Mijn taak als secretaris houdt veel meer in dan ik me kon voorstellen maar ik vind het boeiend daarin te groeien en als één equipe ten dienste te staan van de Kerk. Ik wil me niet beperken tot het notuleren van de vergaderingen, het nauwkeurig bijhouden van het archief of andere administratieve taken. Vanuit een evangelische bewogenheid wil ik ook graag meewerken aan een positieve, constructieve en warme werksfeer in en met de Kerkfabriek.”

Wilfried De Moyter, gewoon lid van kerkfabriek Sint-Rumoldus Schepdaal en vertelt over hoe hij er aan begonnen is: Toen er in Schepdaal geen volledig kerkbestuur meer was werd
mij, door de toenmalige pastoor, gevraagd om lid te worden van de kerkraad. Na overleg en verzamelen van info van wat een kerkraad eigenlijk is nam ik dit aanbod aan daar ik wel
geïnteresseerd ben in de geschiedenis van gebouwen en onderhoud van een kerk belangrijk vind. De eerste vergaderingen verliepen , zelfs met onze weinige ervaring, heel goed en er
werd gestart om naar een toekomst te zoeken voor de kerk, de zaal en de pastorij om zo iets te betekenen voor de gemeenschap.
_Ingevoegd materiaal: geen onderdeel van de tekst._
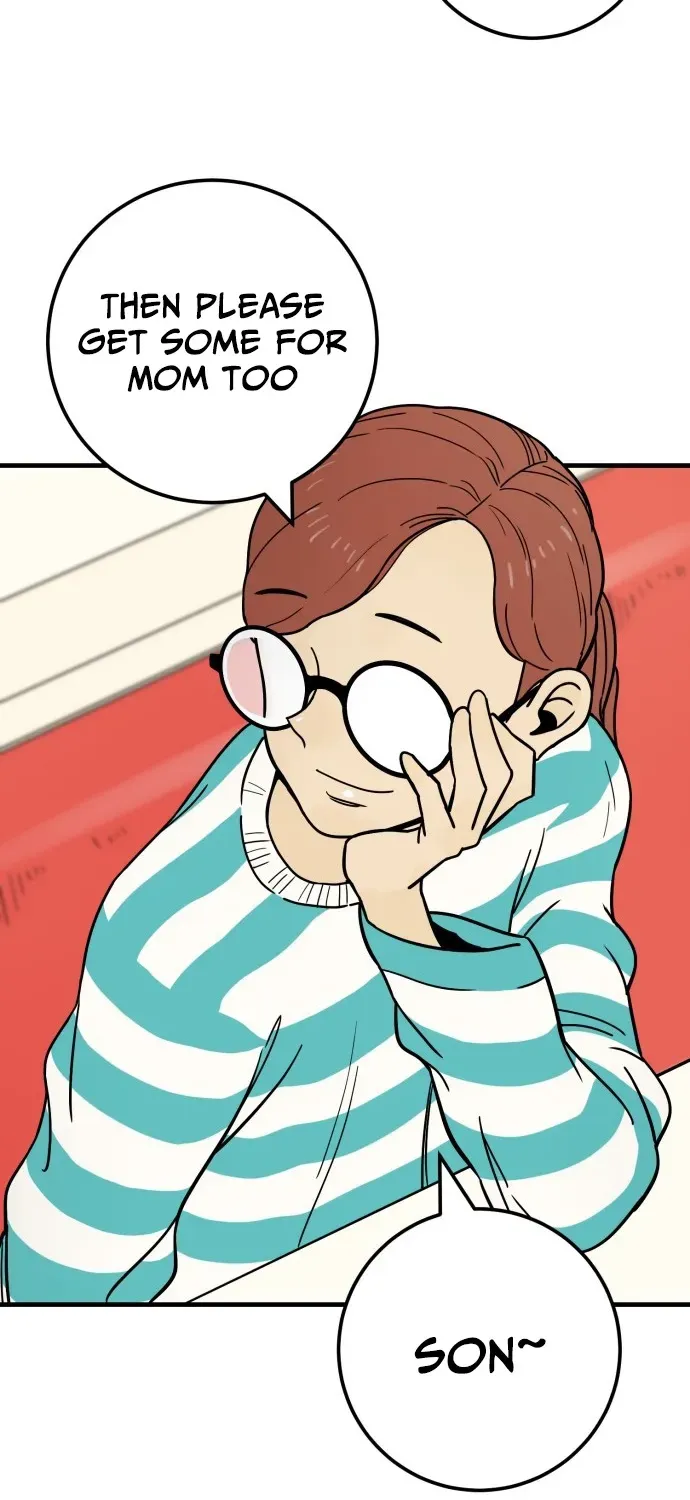 Beginnings Chapter 9 page 101 -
Twee gebouwen zijn nu verhuurd : de pastorij met een pacht voor Ferm die er een kinderdagverblijf in uitbaat en dan Ons Gildenhuis waarvan de zaal en de appartementen (verhuurt door een sociale verhuurmaatschappij) een nieuw kleedje kregen en onder de hoede staan van een VZW. In het vorige kerkenplan werd in overleg aan de kerk van Schepdaal een herbestemming toegekend. Hoe spijtig dit ook is, alle kerken kunnen niet open blijven! Nadat de Schepdalenaren werden bevraagd kwamen er vergaderingen met gemeente en planbureau die een voorstel uitwerkte dat ons wel aansprak. Het was iets voor de grote gemeenschap maar er was nog een deel bruikbaar voor liturgie. Spijtig genoeg is dit project niet verder uitgewerkt door geen interesse en geldgebrek van het voormalig gemeentebestuur.
Onze kerk wordt nu alleen nog maar gebruikt voor uitvaarten, die ook steeds minder worden, maar toch ga ik elke week eens binnen, als was het maar om de spinnenwebben te verwijderen en doe regelmatig de toer van de buitenkant van de kerk want het is een favoriete plek voor sluikstorters!
Een zekere binding hebben met het religieus gebeuren en gelovig zijn is belangrijk maar anderzijds is de expertise van mensen ook belangrijk.

 

De kerkfabrieken vormen een belangrijke schakel in de goede werking van een parochie en federatie. Godzijdank zijn er nog altijd personen die bereid zijn op vrijwillige basis, gratis en
voor niets, hun krachten daaraan te wijden. Ze verdienen onze oprechte dank en waardering, dus de volgende keer als je een kerk binnengaat of bezoekt weet dan dat er in de achtergrond mannen en vrouwen werken om onze kerk(en) open te houden, te onderhouden en er voor zorgen dat onze vieringen nog in een kerk kunnen doorgaan.